[Captioned web images]
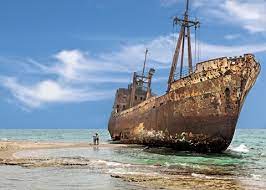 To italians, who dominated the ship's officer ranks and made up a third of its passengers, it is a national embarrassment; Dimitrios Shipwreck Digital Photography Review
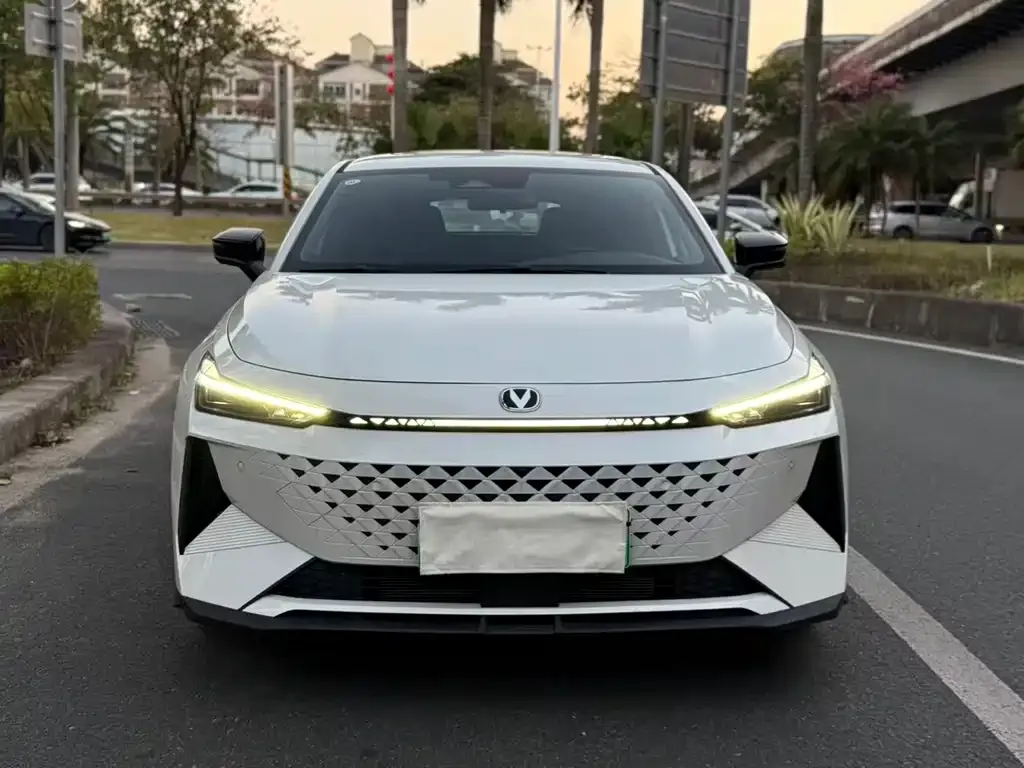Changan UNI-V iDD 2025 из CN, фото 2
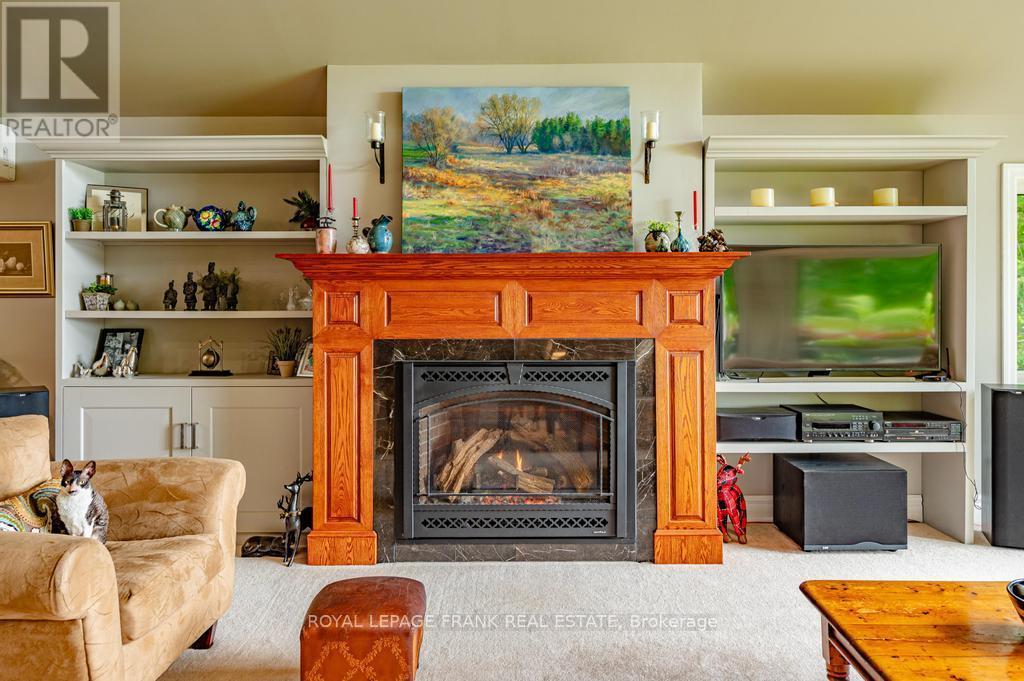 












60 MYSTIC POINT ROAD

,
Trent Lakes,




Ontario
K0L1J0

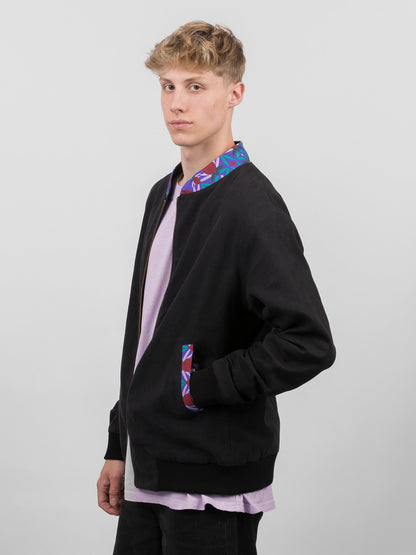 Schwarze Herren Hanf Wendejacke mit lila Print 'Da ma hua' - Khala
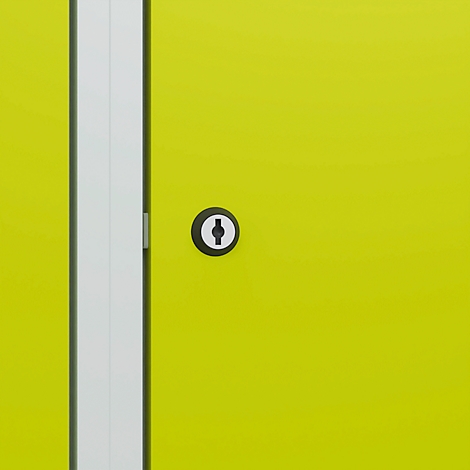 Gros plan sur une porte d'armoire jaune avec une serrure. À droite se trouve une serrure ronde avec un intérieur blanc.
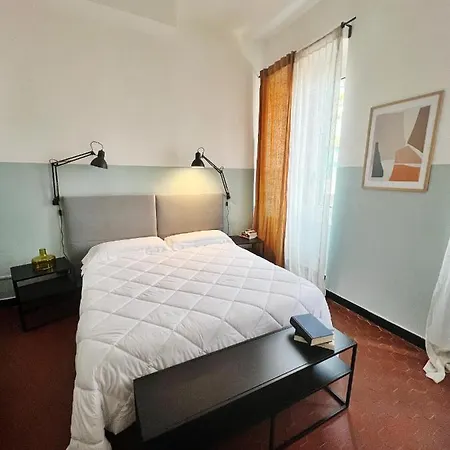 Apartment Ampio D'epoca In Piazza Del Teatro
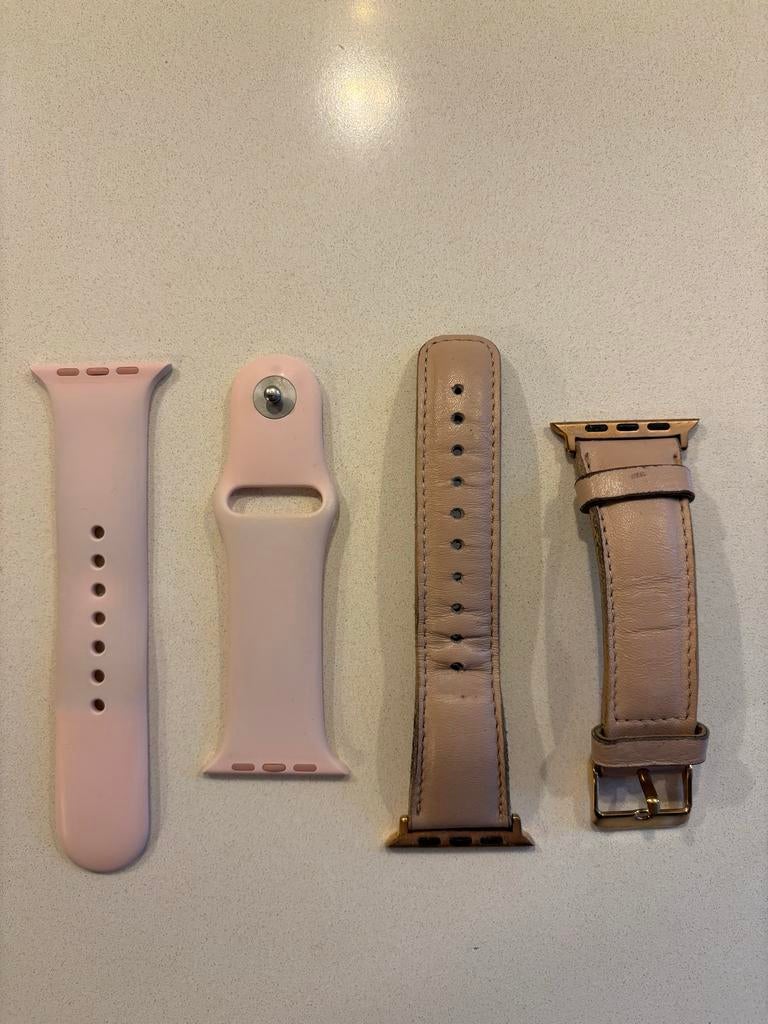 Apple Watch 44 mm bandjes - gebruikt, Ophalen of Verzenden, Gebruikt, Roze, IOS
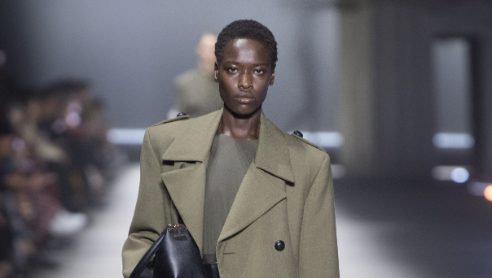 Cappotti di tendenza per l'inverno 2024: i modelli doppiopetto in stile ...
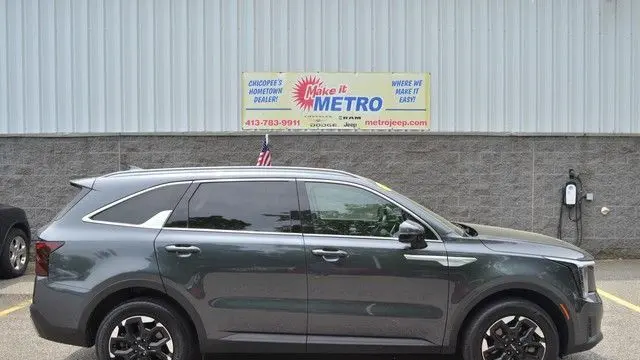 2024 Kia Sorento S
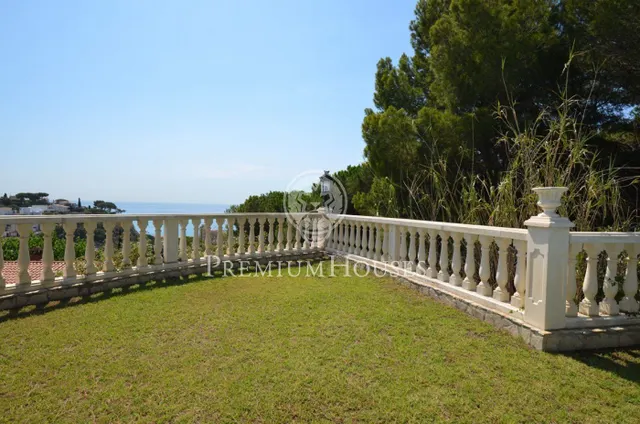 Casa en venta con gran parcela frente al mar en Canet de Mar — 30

• **Goal of the exercise**: Every entry is to be transcribed exactly, but the pictures are to be left out.

• **Exercise solution**:
 To italians, who dominated the ship's officer ranks and made up a third of its passengers, it is a national embarrassment; Dimitrios Shipwreck Digital Photography Review
Changan UNI-V iDD 2025 из CN, фото 2












60 MYSTIC POINT ROAD

,
Trent Lakes,




Ontario
K0L1J0

 Schwarze Herren Hanf Wendejacke mit lila Print 'Da ma hua' - Khala
 Gros plan sur une porte d'armoire jaune avec une serrure. À droite se trouve une serrure ronde avec un intérieur blanc.
 Apartment Ampio D'epoca In Piazza Del Teatro
 Apple Watch 44 mm bandjes - gebruikt, Ophalen of Verzenden, Gebruikt, Roze, IOS
 Cappotti di tendenza per l'inverno 2024: i modelli doppiopetto in stile ...
 2024 Kia Sorento S
 Casa en venta con gran parcela frente al mar en Canet de Mar — 30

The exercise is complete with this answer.